As of now, I am in control here, in the White House

An Offer Sestak Can Refuse

The Scene is room is 312 at the Motel Six on Pa. Route 44 just outside Scranton. It is the summer of 2009. Former President Bill Clinton is leaning forward off of one of the twin beds facing Rep. Joe Sestak (D-Pa.), who is seated uneasily in a small chair at the table.

The former president has come at the behest of White House Chief of Staff Rahm Emanuel to convince Sestak to drop his primary challenge to Sen. Arlen Specter, Pennsylvania’s newly minted Democrat. The air conditioner unit is gently rattling in the background.
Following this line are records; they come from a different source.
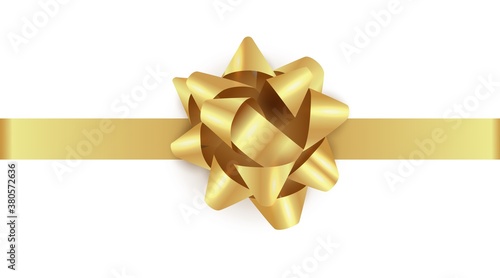 Gold gift bow with ribbon. Realistic golden glowing xmas bow template. Vector christmas illustration.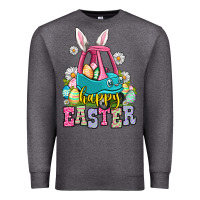 Charcoal Heather Happy Easter toddler car Premium Sweatshirt - OliviaCreatesArt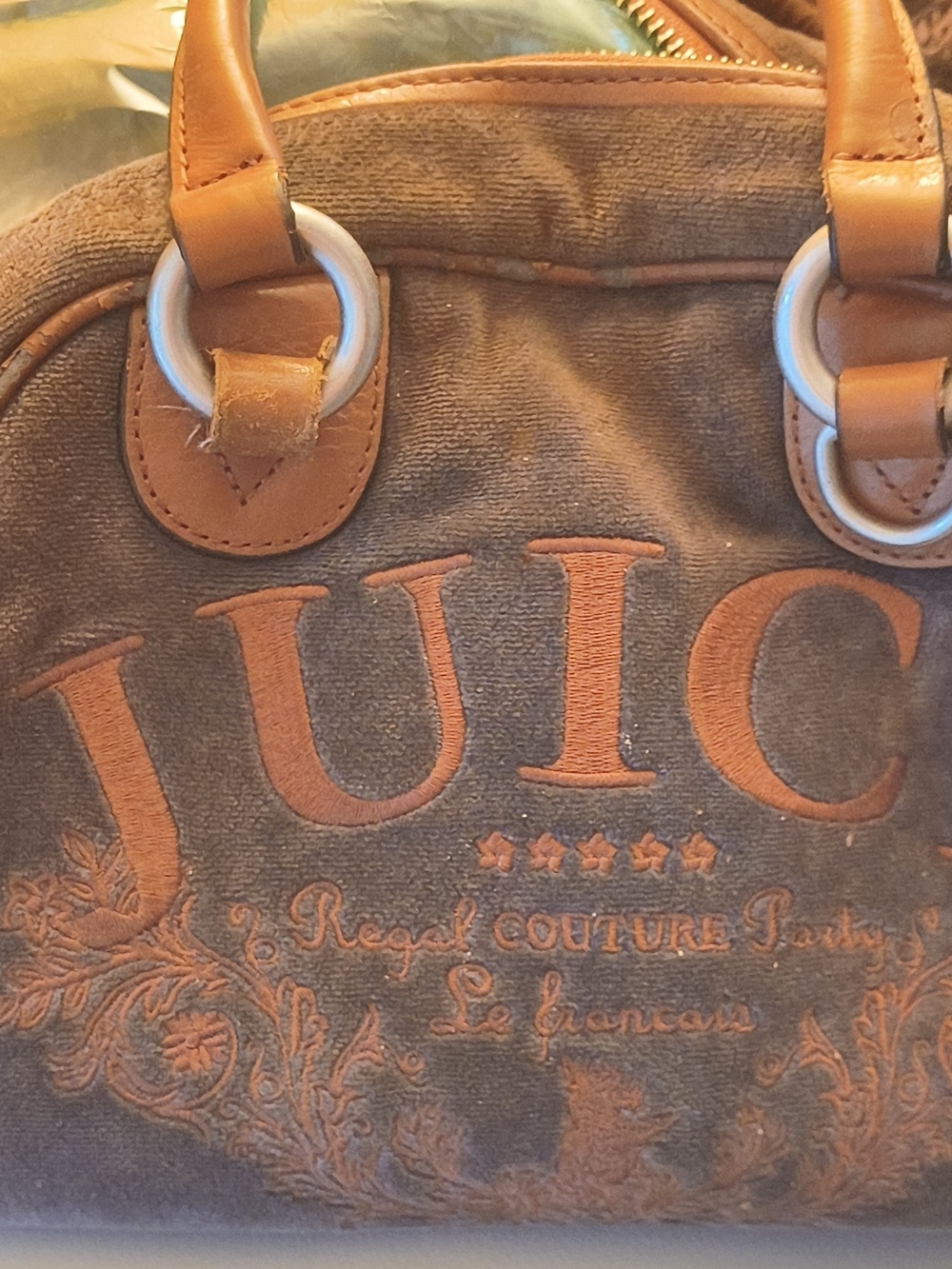 Vintage Juicy Couture Brown Suede Tote with Tan Leather Trim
“Joe, we can make life very, very good for you.”

“Mr. President, I just don’t know if this is appropriate.”

“Of course this is appropriate. Would I be involved if it was something not appropriate?”

Sestak looks at Clinton at realizes he’s not being ironic.

“OK, but just hear me out,” Clinton continues. “Rahm has a sweet deal in mind. You won’t even believe this when you hear it: Drop your candidacy, and Obama will appoint you to the President’s Intelligence Advisory Board.”

“The what?”

“The President’s Intelligence Advisory Board. Yup, the PIAB, baby.”

“The Presidents Advisory . . . ”

“The President’s Intelligence Advisory Board.”

“What does it do?”

“What does it do?? It’s the President’s Intelligence Advisory Board.”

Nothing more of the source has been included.